PITCHf/x Introduction
PITCHf/x is an increasingly used tool in MLB, but daily gamers may not be entirely sure how to apply it to pitcher evaluations and breakout identification. There are a number of sources for PITCHf/x information — many free — and knowing where to get reliable info is a critical starting point. Baseball Prospectus, Brooks Baseball, FanGraphs, and Texas Leaguers all provide free PITCHf/x data. Of that quartet of sites, the only one I don’t visit regularly is Texas Leaguers. That’s not to say there’s anything wrong with the site (there’s not), and it’s great to have bookmarked as a source of comparison to the PITCHf/x data found elsewhere.
Depending on the source of PITCHf/x data, there can be differences in pitch type classification. Texas Leaguers, as their site notes, gets their data directly from the Gameday data published by MLB Advanced Media (MLBAM) and leaves it unchanged. Brooks Baseball explains their data in-depth on their “About” page. To summarize, their dataset starts with the PITCHf/x data made publicly available by MLBAM and Sportvision, but they more rigorously review that information manually and make changes when necessary. The result is that MLBAM may classify a particular breaking ball as a slider and Brooks Baseball may change that classification to a curveball, for instance. The changes can add up over the course of a season.
Using National League Cy Young Award Winner Jake Arietta as an example, here’s his Texas Leaguers landing page with a PITCHf/x data date set for last season, and here is his Brooks Baseball landing page using the same time frame. Texas Leaguers credited Arietta with throwing 1,335 sinkers and Brooks Baseball credited him with throwing 1,574. That’s a gap of over 200 pitches. Well, Brooks Baseball credited him with throwing only 268 fourseam fastballs and Texas Leaguers classified 581 of his pitches as fourseam fastballs (as an aside, 13 pitches were classified as simply “fastball” at Texas Leaguers). The differences aren’t as dramatic between his slider total (1,085 at Texas Leaguers and 1,065 at Brooks Baseball), but the differences extend to each of the pitches in the righty’s repertoire. One of the reasons I prefer use Brooks Baseball instead of Texas Leaguers is due to their usage of video and other tools to manually adjust pitch classifications. For this lesson, I won’t be referencing Texas Leaguers again, but it’s good for gamers to know the site is available for PITCHf/x data.
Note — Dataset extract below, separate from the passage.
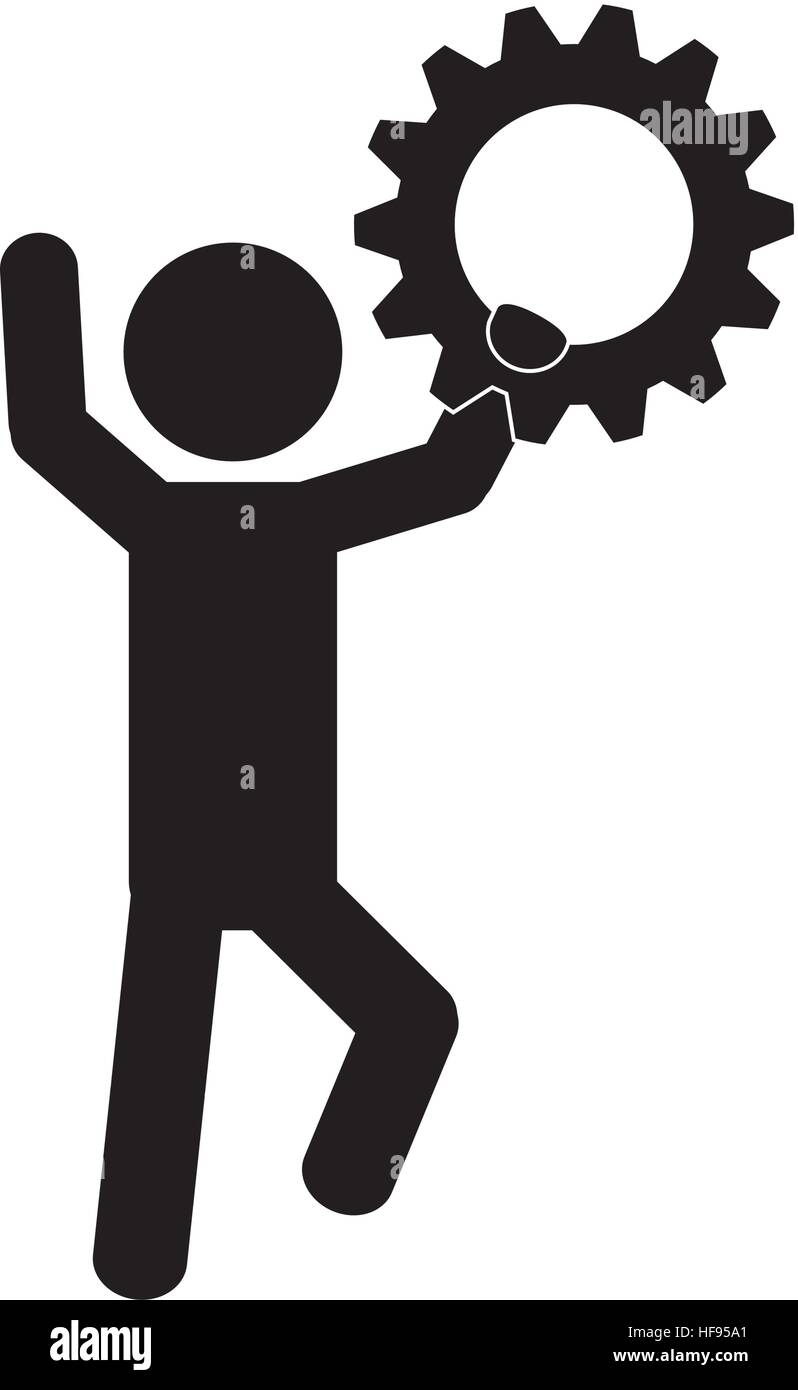 man and gear icon Stock Vector Image & Art - Alamy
Baseball Prospectus has a lot of their work behind a paywall for subscribers only, but the good news is that the PITCHf/x leaderboards are freely available — even to non-paid users. The leaderboard allows users to sort through a ton of information and parse to their heart’s desire. The data can be showcased for pitches thrown to lefties and righties, only lefties, and only righties. It can be broken down by all years or a specific year, and it can be broken down even further by selecting the month of pitches you want displayed. The default leaderboard opens by featuring fourseam fastballs, but PITCHf/x data is also available for other pitches as well.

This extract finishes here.